%%

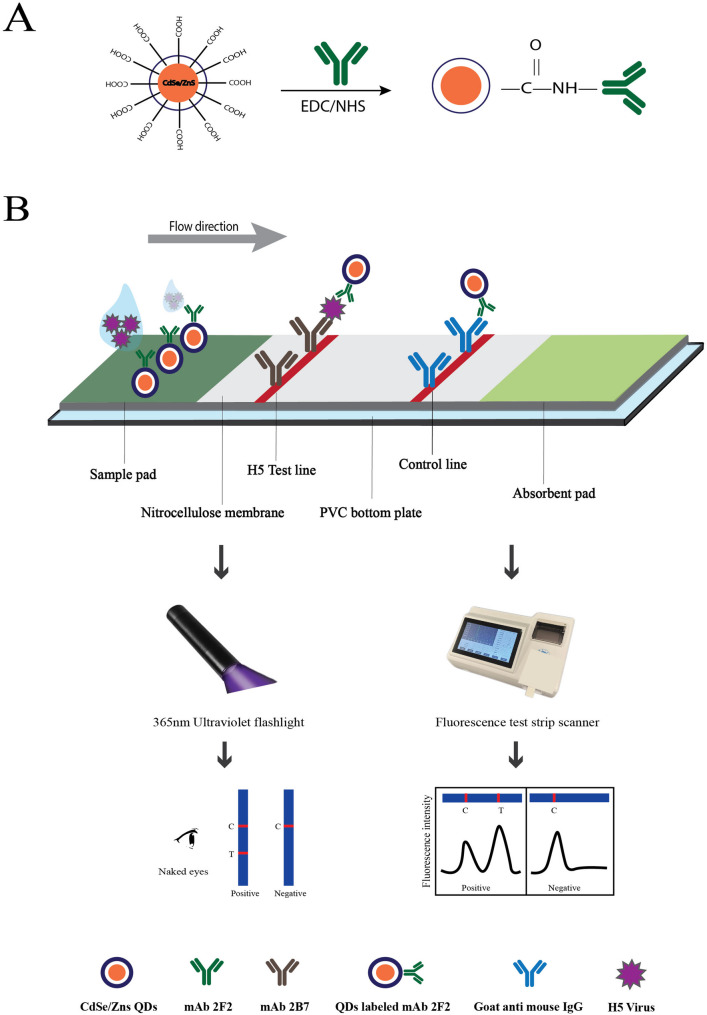 Quantum dot immunochromatographic strip for rapid and sensitive detection of H5 subtype avian influenza virus.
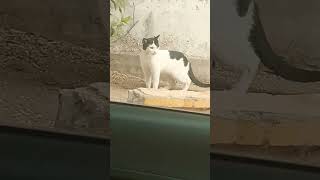 Said the cat from the car 🙀🙀😻😸😺 shorts viralvideo shortsvideo shortsviral Subscribe my channel 👍 [upl. by Nylecaj]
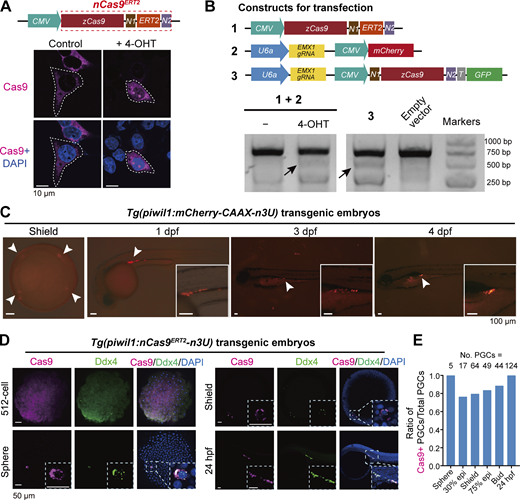 Nuclear translocation and gene editing effectiveness of nCas9ERT2. (A) 4-OHT–induced nuclear translocation of nCas9ERT2 in human HEK293T cells. Cells were transfected with an expression construct (top) and immunostained with Cas9 antibody and DAPI staining (bottom). The images shown were representative images with Cas9-positive cells outlined by the dashed line. N1, SV40 NLS; N2, nucleoplasmin NLS. (B) Gene editing effectiveness of 4-OHT–induced nCas9ERT2 in HEK293T cells. Endogenous EMX1 was the target. Top, compositions of constructs with designated numbers for transfection (T, T2A); bottom, gel electrophoretic image showing T7E1 assay outcome of EMX1 locus. The mutant band was indicated by arrows. (C) The indicated transgenic embryos express mCherry specifically in PGCs (indicated by arrowheads), confirming the PGC specificity of the zebrafish piwil1 promoter. Inserts showed arrowhead-pointed areas. (D) Expression pattern of nCas9ERT2 in indicated transgenic embryos at different stages. Embryos were immunostained with Cas9 and Ddx4 (a PGC-specific marker) antibodies plus DAPI staining. Note that Cas9 started to be specifically expressed in PGCs from the sphere stage onward. Inserts showed enlarged areas harboring PGCs. (E) Bar plot showing the ratios of Cas9-positive PGCs (Ddx4 and Cas9 double-positive cells) to total PGCs (Ddx4-positive cells) in Tg(piwil1:nCas9ERT2-n3U) embryos we analyzed in at least three replicates. No. PGCs, the number of PGCs at each stage. Source data are available for this figure: SourceData F1.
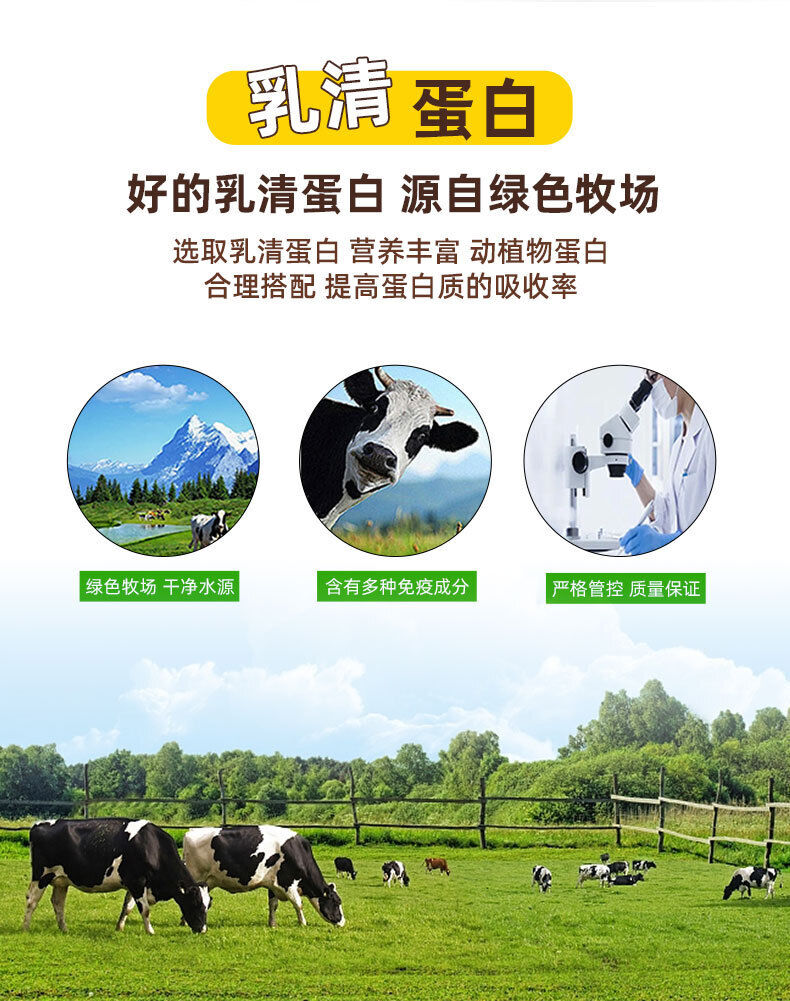Multi-Amino Acid Protein Powder Supplementary Nutrition Enhancement Solid Drinks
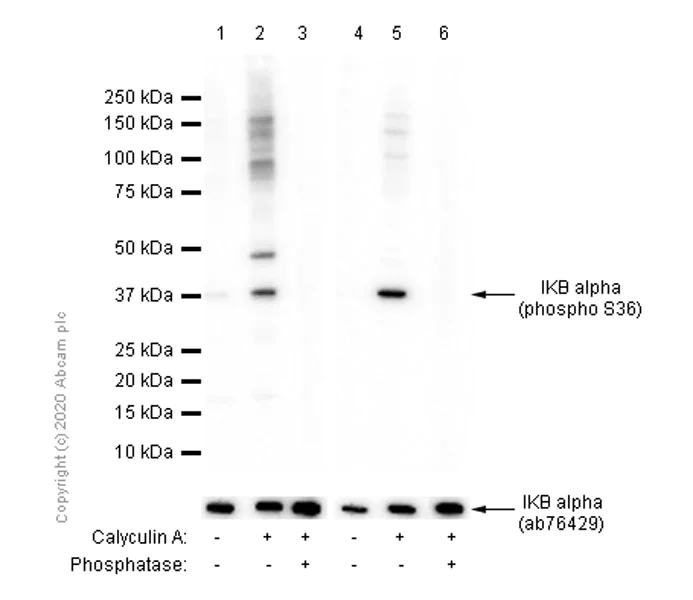 Western blot - Anti-IKB alpha (phospho S36) antibody [EPR6235(2)] - BSA and Azide free (AB240059)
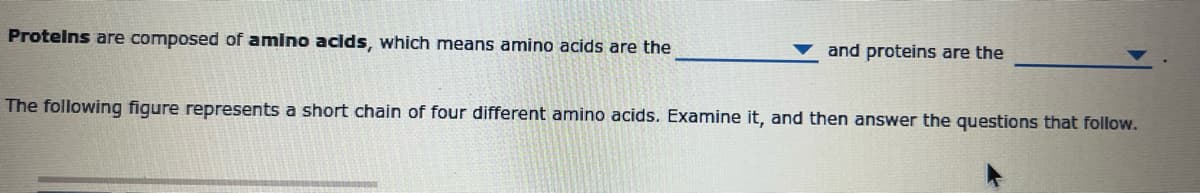 Proteins are composed of amino acids, which means amino acids are the
and proteins are the
The following figure represents a short chain of four different amino acids. Examine it, and then answer the questions that follow.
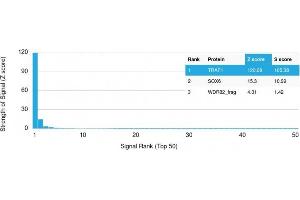 Analysis of Protein Array containing more than 19,000 full-length human proteins using TRAF1 Mouse Monoclonal Antibody (TRAF1/2770) Z- and S- Score: The Z-score represents the strength of a signal that a monoclonal antibody (Monoclonal Antibody) (in combination with a fluorescently-tagged anti-IgG secondary antibody) produces when binding to a particular protein on the HuProtTM array.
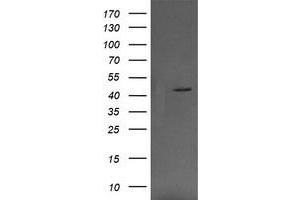 Image no. 4 for anti-Mitogen-Activated Protein Kinase Kinase 1 (MAP2K1) antibody (ABIN1499390) (MEK1 antibody)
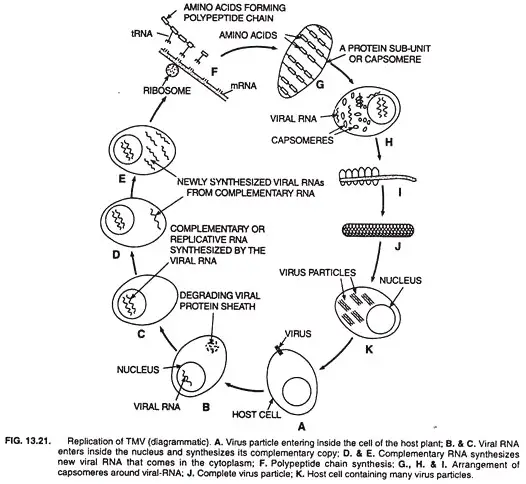 Life Cycle of Tobacco Mosaic Virus (TMV)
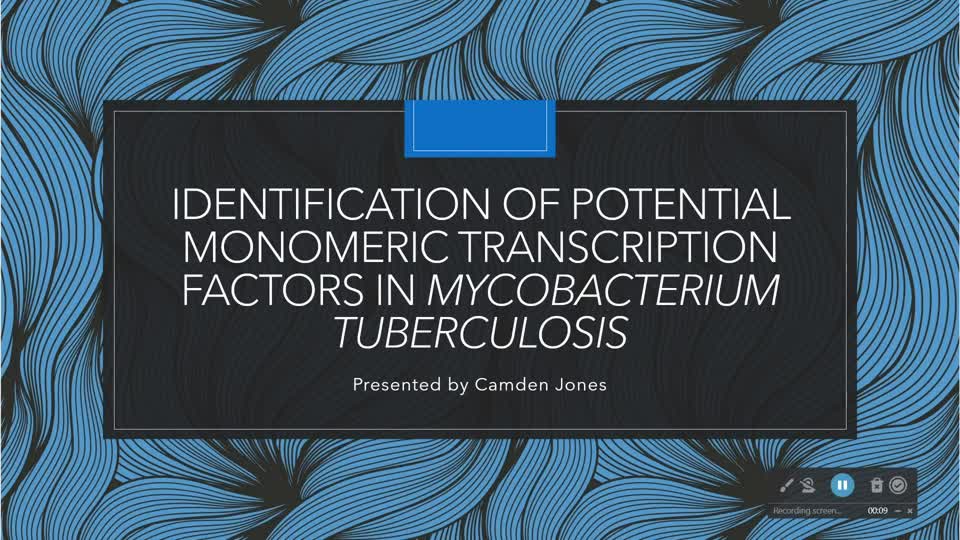 Identification of Potential Monomeric Transcription Factors in Mycobacterium tuberculosis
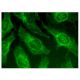 Elf-5 Antibody (C-1) - Immunofluorescence - Image 159665 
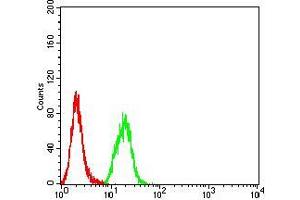 Flow cytometric analysis of Hela cells using SYK mouse mAb (green) and negative control (red). (SYK antibody  (AA 217-356))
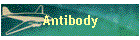 Antibody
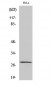 MRRF Polyclonal Antibody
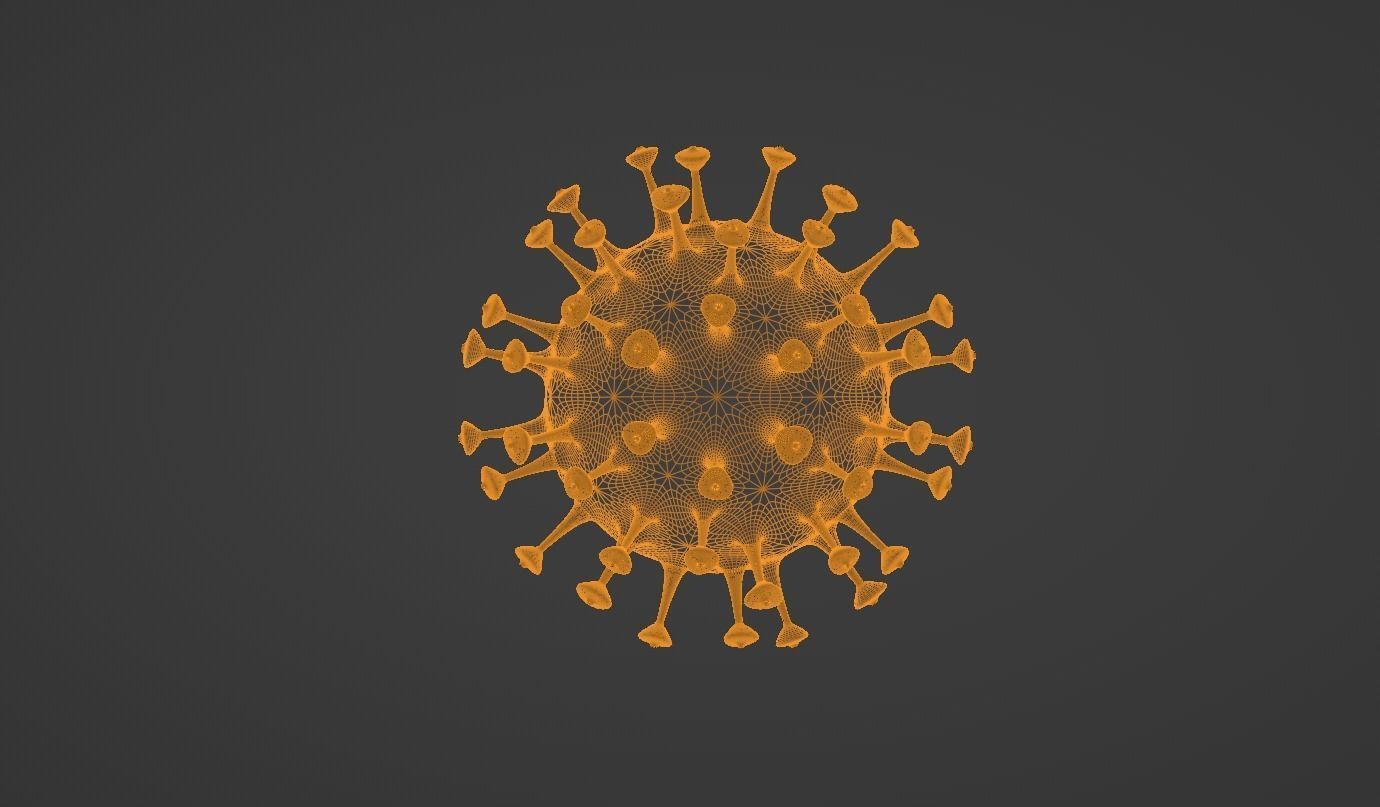 coronavirus 3D model_2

%%

■ **TO DO**: Output exactly the lines of the listing above that start with the one holding "Image no. 4" and go on through the one holding "Elf-5 Antibody (C-1)"; leave the pictures out.

■ **OUTPUT OF THE EXERCISE**:
 Image no. 4 for anti-Mitogen-Activated Protein Kinase Kinase 1 (MAP2K1) antibody (ABIN1499390) (MEK1 antibody)
 Life Cycle of Tobacco Mosaic Virus (TMV)
 Identification of Potential Monomeric Transcription Factors in Mycobacterium tuberculosis
 Elf-5 Antibody (C-1) - Immunofluorescence - Image 159665 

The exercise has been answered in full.